This article originally appeared on VICE Indonesia
It's been tough to be a meat lover over the last year or so. It seems like every few months—or weeks—some health organization or high-profile group of scientists issues a report linking meat consumption to cancer or another scary malady. If you thought 2016 was going to be any different, more bad news: a massive new study has found that meat doesn't just give you cancer—it raises mortality rates and your likelihood of dying from any number of diet-related ailments.
Researchers at the Mayo Clinic in Arizona reviewed six large-scale studies that tracked more than 1.5 million people for periods ranging from five-and-a-half to 28 years. Participants ranged from hardcore vegans to those who stuffed their face with meat every day. Their review, published under the title "Is Meat Killing Us?" in the Journal of the American Osteopathic Association, found that meat is, indeed, killing us.
"This data reinforces what we have known for so long—your diet has great potential to harm or heal," said Brookshield Laurent of the New York Institute of Technology College of Osteopathic Medicine.
Though it may come as no surprise by this point, a diet that includes red meat—including beef, pork, lamb and game, or processed meats like hot dogs, sausage, and ham—raises the risks of developing cardiovascular disease or cancer, as well as of suffering from health problems like diabetes and increased blood pressure. Processed meats were found to be particularly harmful.
And if you thought just a little meat now and then isn't so bad, the review found that the steepest rise in mortality occurred at the smallest increases of red-meat intake.

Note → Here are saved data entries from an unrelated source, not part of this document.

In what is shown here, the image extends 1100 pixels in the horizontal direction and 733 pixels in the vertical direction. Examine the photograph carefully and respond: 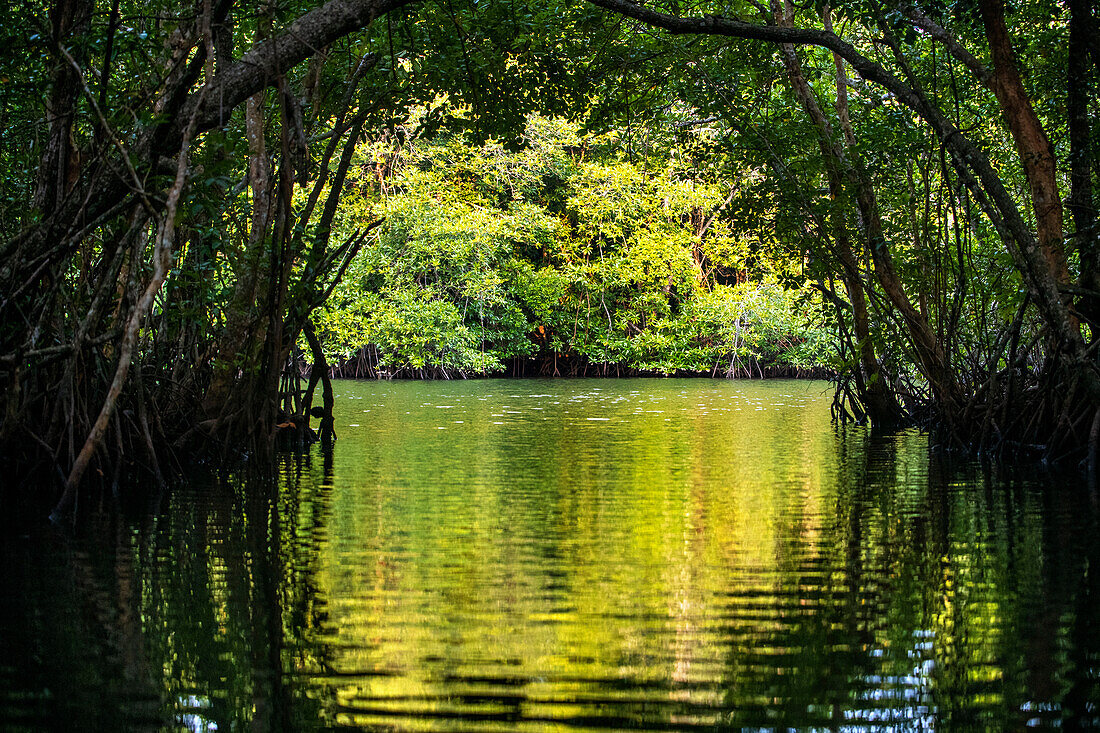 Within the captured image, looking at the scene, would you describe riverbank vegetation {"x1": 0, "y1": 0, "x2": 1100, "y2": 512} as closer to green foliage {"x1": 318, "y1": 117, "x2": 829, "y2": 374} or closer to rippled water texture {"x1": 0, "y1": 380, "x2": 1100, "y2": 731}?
rippled water texture {"x1": 0, "y1": 380, "x2": 1100, "y2": 731}

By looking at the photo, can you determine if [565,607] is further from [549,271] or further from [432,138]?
[549,271]

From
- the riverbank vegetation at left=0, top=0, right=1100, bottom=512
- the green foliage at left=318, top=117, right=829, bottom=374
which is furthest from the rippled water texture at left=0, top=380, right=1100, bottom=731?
the green foliage at left=318, top=117, right=829, bottom=374

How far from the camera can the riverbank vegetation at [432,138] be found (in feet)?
22.4

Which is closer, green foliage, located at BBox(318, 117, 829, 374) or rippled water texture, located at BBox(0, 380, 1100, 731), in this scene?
rippled water texture, located at BBox(0, 380, 1100, 731)

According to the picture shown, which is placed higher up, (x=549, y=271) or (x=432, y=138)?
(x=549, y=271)

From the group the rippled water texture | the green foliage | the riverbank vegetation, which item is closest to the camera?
the rippled water texture

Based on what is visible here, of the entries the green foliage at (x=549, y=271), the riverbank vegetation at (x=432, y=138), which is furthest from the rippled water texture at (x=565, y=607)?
the green foliage at (x=549, y=271)

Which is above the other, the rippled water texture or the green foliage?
the green foliage

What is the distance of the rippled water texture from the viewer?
3.26m

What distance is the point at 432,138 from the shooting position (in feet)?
43.7

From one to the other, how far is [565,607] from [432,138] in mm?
9668

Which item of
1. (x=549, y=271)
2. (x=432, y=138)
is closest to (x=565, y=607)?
(x=432, y=138)

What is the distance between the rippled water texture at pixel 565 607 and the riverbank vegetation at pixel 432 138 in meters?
1.17

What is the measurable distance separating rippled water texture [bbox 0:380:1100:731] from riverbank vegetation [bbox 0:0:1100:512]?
1167mm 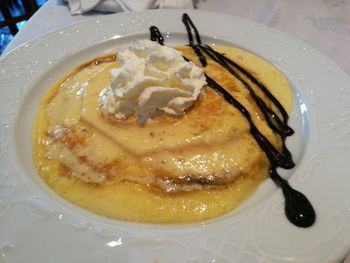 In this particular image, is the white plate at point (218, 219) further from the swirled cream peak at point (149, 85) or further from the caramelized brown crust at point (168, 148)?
the swirled cream peak at point (149, 85)

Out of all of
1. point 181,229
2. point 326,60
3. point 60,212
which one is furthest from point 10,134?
point 326,60

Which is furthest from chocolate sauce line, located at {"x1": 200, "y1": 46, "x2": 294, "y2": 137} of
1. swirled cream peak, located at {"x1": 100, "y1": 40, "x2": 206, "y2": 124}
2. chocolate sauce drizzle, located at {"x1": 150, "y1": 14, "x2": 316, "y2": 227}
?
swirled cream peak, located at {"x1": 100, "y1": 40, "x2": 206, "y2": 124}

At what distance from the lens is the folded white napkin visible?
2.15 meters

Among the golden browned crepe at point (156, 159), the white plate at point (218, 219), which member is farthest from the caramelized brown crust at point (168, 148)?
the white plate at point (218, 219)

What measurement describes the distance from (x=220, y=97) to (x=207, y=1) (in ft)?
3.56

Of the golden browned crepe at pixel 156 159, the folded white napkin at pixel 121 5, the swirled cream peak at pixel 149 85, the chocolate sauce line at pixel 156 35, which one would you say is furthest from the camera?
the folded white napkin at pixel 121 5

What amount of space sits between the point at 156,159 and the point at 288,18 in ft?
4.57

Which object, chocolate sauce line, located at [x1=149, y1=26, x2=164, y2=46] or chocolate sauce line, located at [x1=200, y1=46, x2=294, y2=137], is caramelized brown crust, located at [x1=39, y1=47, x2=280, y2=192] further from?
chocolate sauce line, located at [x1=149, y1=26, x2=164, y2=46]

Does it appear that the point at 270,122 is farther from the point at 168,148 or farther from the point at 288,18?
the point at 288,18

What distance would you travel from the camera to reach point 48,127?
5.13 feet

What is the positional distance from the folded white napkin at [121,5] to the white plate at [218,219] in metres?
0.56

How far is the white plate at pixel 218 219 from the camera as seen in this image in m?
0.97

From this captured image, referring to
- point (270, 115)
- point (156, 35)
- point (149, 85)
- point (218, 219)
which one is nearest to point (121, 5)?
point (156, 35)

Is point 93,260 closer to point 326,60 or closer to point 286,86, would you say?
point 286,86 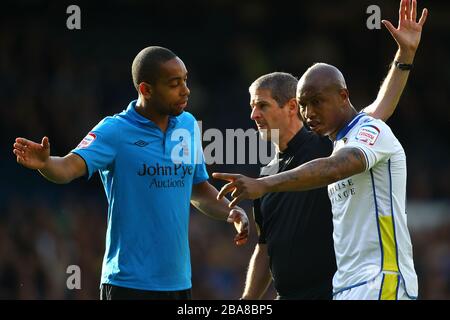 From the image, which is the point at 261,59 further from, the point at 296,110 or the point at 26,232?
the point at 296,110

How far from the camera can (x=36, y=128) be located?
1480cm

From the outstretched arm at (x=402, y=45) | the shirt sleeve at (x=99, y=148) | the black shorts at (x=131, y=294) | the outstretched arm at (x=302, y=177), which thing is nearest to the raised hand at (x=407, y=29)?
the outstretched arm at (x=402, y=45)

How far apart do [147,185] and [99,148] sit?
415 mm

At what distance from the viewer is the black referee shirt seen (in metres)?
6.75

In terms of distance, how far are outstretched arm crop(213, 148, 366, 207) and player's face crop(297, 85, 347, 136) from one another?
43cm

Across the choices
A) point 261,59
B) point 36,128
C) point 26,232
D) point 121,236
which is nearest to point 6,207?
point 26,232

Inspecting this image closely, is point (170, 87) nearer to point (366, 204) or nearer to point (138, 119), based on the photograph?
point (138, 119)

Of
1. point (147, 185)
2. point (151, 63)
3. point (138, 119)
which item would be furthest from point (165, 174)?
point (151, 63)

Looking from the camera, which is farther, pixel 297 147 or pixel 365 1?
pixel 365 1

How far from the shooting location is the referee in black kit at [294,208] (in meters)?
6.76

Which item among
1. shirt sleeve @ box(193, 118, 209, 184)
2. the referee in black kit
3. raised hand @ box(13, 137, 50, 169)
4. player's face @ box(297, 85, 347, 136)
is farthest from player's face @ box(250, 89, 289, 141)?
raised hand @ box(13, 137, 50, 169)

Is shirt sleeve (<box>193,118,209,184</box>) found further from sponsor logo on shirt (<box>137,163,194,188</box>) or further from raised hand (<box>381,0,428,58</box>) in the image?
raised hand (<box>381,0,428,58</box>)

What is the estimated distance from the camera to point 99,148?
6.52 m

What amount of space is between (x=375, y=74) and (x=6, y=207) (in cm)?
800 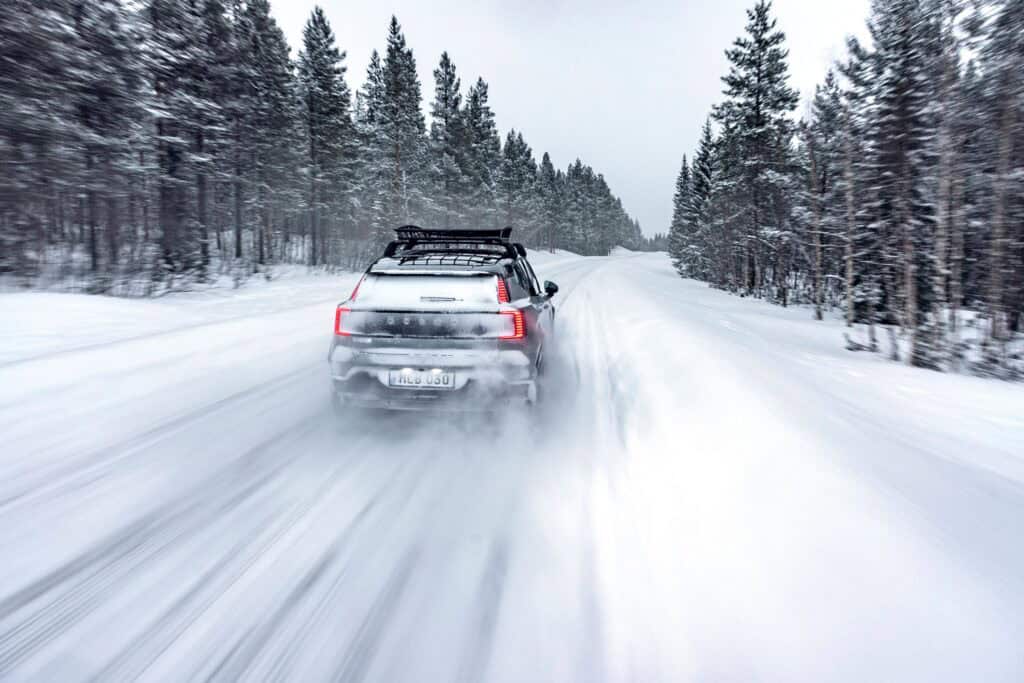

The study concluded that, despite some variability in the data, "the evidence is consistent that increased intake of red meat, especially processed red meat, is associated with increased all-cause mortality."
Furthermore—as vegans will surely love to point out—the study found that in smaller studies, "a vegan diet has been shown to improve several parameters of health, including reversal of cardiovascular disease, decreased body mass index, decreased risk of diabetes, and decreased blood pressure."
And the old hippies were right—sticking with a plants-only diet for the long run had the most benefits. People on a vegetarian diet for more than 17 years increased their life expectancy by 3.6 years, compared to short-term vegetarians who saw smaller benefits.
The outlook for meat and your health may be looking increasingly grim, but in the long run, what's 3.6 years? Only you can decide—and only you can assess the worth of a cheeseburger in terms of your time on Earth.